Below are some records. Print exactly the lines between the one holding "11A Hemlock Dr, Bay" and the one holding "Jade online show from 02/02/25, 01:30", inclusive, and nothing else.

═══ INPUT DATA ═══

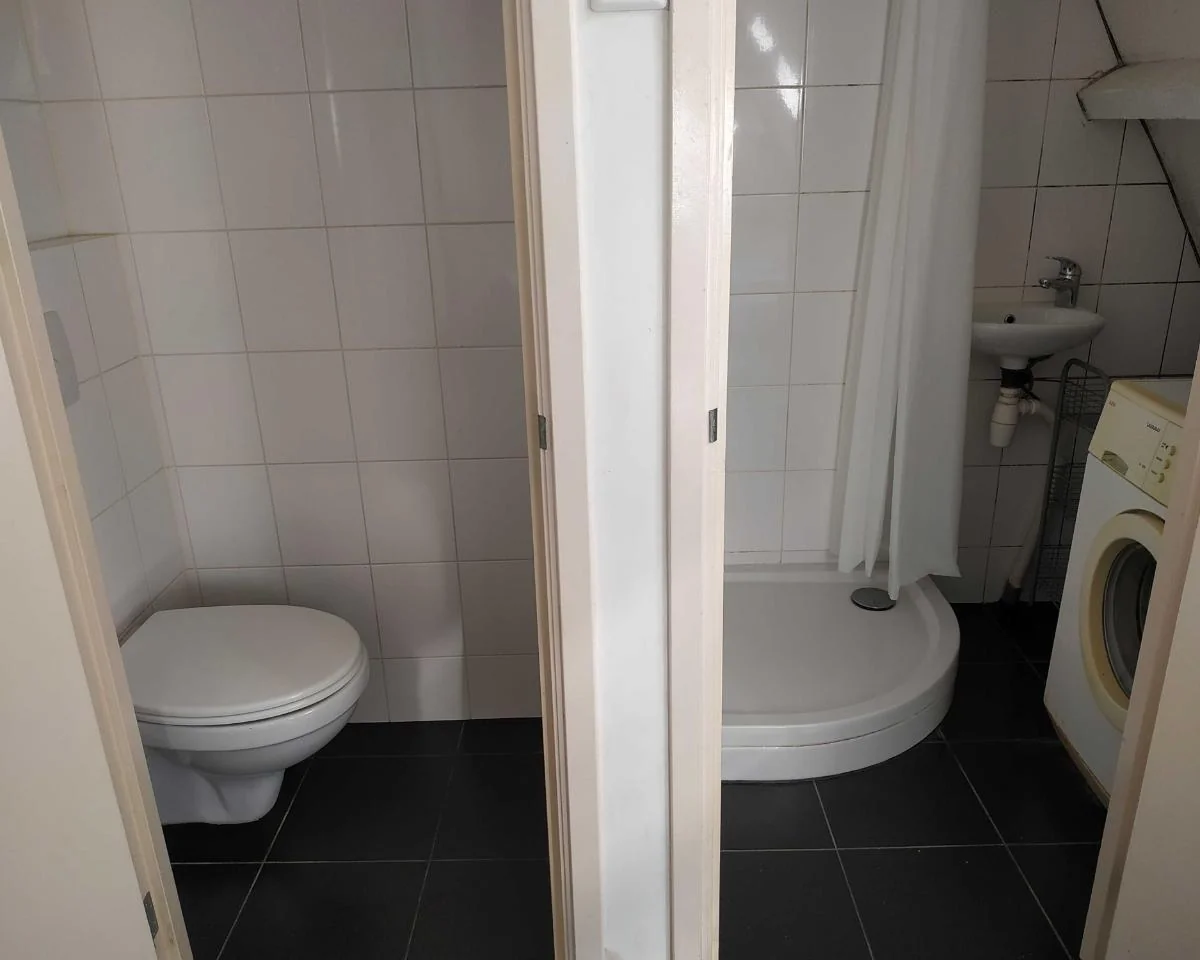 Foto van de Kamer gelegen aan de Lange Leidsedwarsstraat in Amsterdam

═══
═══ INPUT DATA ═══

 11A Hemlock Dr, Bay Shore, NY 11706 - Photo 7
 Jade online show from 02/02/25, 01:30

═══

§ THE COMPLETED TASK
 11A Hemlock Dr, Bay Shore, NY 11706 - Photo 7
 Jade online show from 02/02/25, 01:30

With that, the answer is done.